Platform-specific detectors for LangGraph state-graph agent execution. These catch issues unique to LangGraph's superstep execution model, conditional routing, parallel branches, and checkpoint persistence.


Recursion Limit

Field Value
Detector key langgraph_recursion
Severity Critical

Plain language: Your graph agent hit the recursion limit and was forcibly stopped. It ran too many steps -- either because it's stuck in a cycle or because the task genuinely requires more steps than the limit allows.

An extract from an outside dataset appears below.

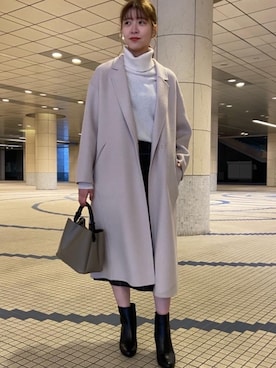 「一押しのアウタースタイル」｜「アイテム（チェスターコート）」を使った、AKIさん（レディース・163cm）の冬コーディネート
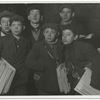 Group of newsboys starting out at Brooklyn Bridge early Sunday morning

Technical: Checks execution status for recursion_limit (definitive hit), monitors the ratio of completed supersteps to configured recursion limit (flags at >90%), and detects unbounded node repetition (same node appearing in 3+ distinct supersteps).

Examples (non-technical):

  • Your agent was set to a maximum of 25 steps but the task needed 30 -- it stopped mid-work
  • The agent kept going back to the same planning step over and over until it hit the limit
  • The agent used 23 of its 25 allowed steps -- it's about to hit the wall

Examples (technical):

  • Graph status: "recursion_limit" -- hard stop after exhausting configured limit
  • Superstep ratio: 23/25 = 0.92 (threshold: 0.90 -- approaching limit warning)
  • Node "planner" appears in supersteps [1, 4, 7, 10, 13] -- repeating every 3 steps (unbounded cycle)
  • Recursion limit set to 10 but task requires tool-call → result → tool-call chains of 15+ steps

Detection methods:

  • Status Check: Definitive detection when status == "recursion_limit"
  • Ratio Monitoring: Warns when supersteps / recursion_limit > 0.90
  • Node Repetition Analysis: Flags nodes appearing in 3+ distinct supersteps (configurable threshold)

Sub-types: recursion_limit_hit, approaching_limit, node_repetition


State Corruption

Field Value
Detector key langgraph_state_corruption
Severity High

Plain language: Your agent's state got corrupted between steps. Values changed type unexpectedly, important fields disappeared, identity fields were modified, or counters went backwards -- things that should never happen.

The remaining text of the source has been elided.